### Your instructions
Each line of the listing below must be returned exactly.
======== Information supplied
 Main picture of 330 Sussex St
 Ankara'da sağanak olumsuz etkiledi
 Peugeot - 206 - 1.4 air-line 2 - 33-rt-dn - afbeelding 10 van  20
================
### Task output
 Main picture of 330 Sussex St
 Ankara'da sağanak olumsuz etkiledi
 Peugeot - 206 - 1.4 air-line 2 - 33-rt-dn - afbeelding 10 van  20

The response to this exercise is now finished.